Print the listing exactly as it stands, and skip any pictures in it.

- [COLLECTED MATERIAL]

════════════════

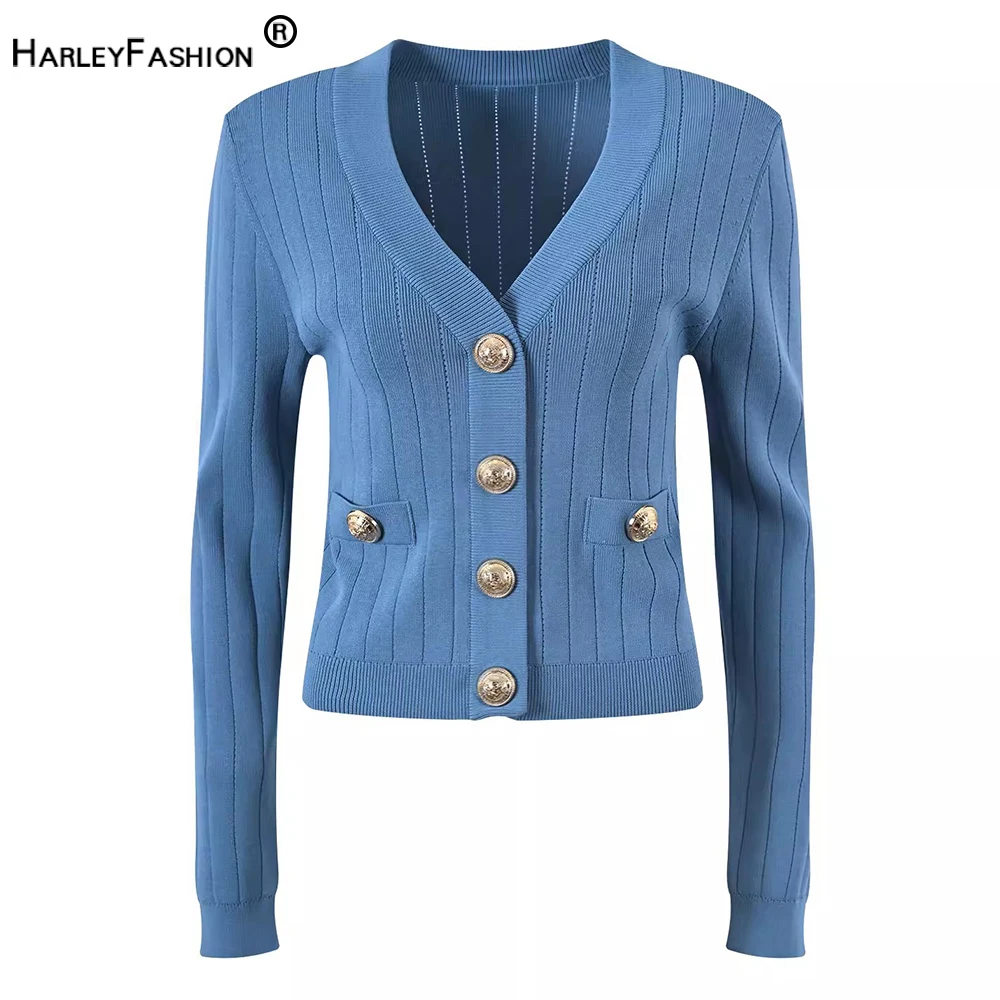 New Arrival Spring Design Short Design V-neck 3 Colors Black/White/Blue Plain Color Slim Knitting Sweater Quality Tops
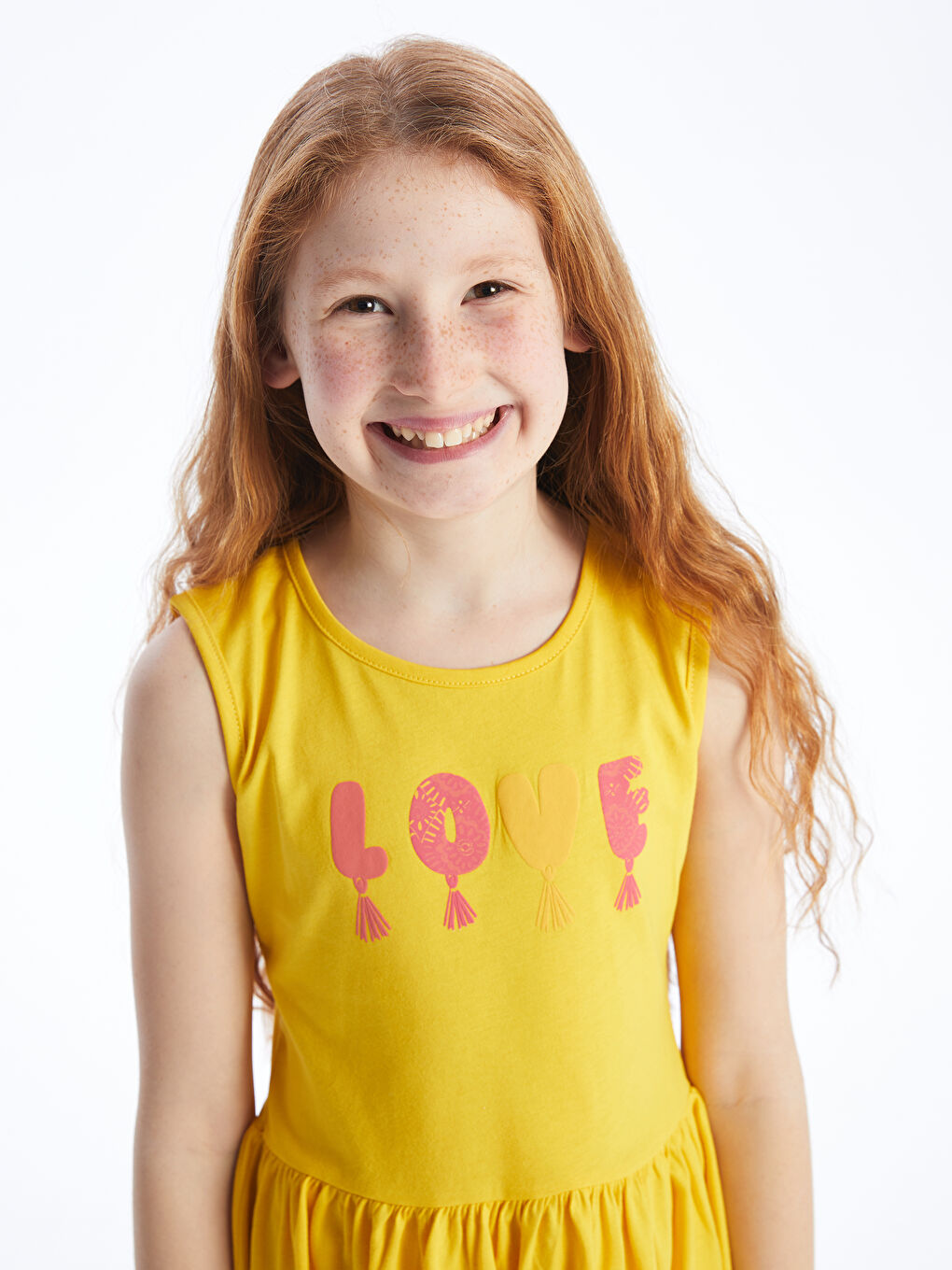 Sarı Bisiklet Yaka Baskılı Kız Çocuk Elbise-1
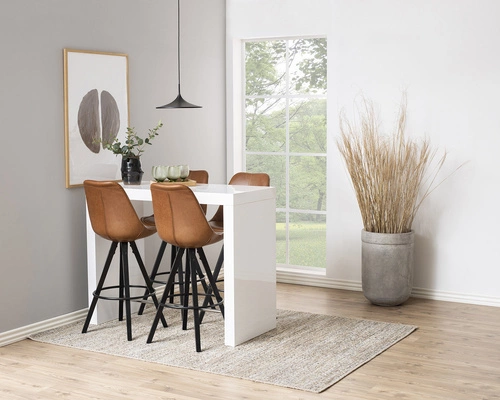 Barová židle Dima Brandy s opěrkou do kuchyně a k ostrůvku, čalouněná ekokůží na dřevěných nohou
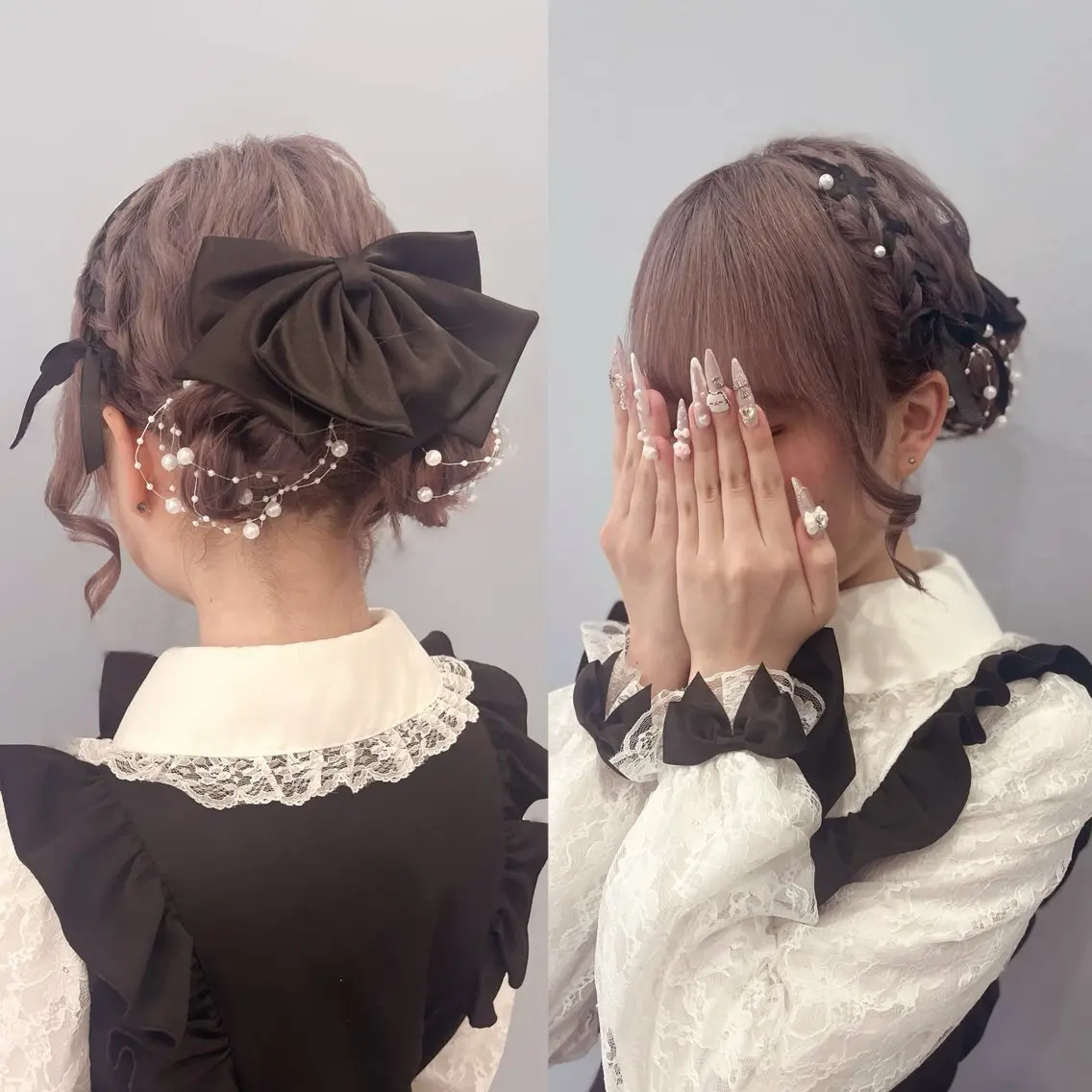 ロング お団子ヘア 岡本 葵朱花のヘアスタイル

════════════════

- [RESPONSE TO THE TASK]
 New Arrival Spring Design Short Design V-neck 3 Colors Black/White/Blue Plain Color Slim Knitting Sweater Quality Tops
 Sarı Bisiklet Yaka Baskılı Kız Çocuk Elbise-1
 Barová židle Dima Brandy s opěrkou do kuchyně a k ostrůvku, čalouněná ekokůží na dřevěných nohou
 ロング お団子ヘア 岡本 葵朱花のヘアスタイル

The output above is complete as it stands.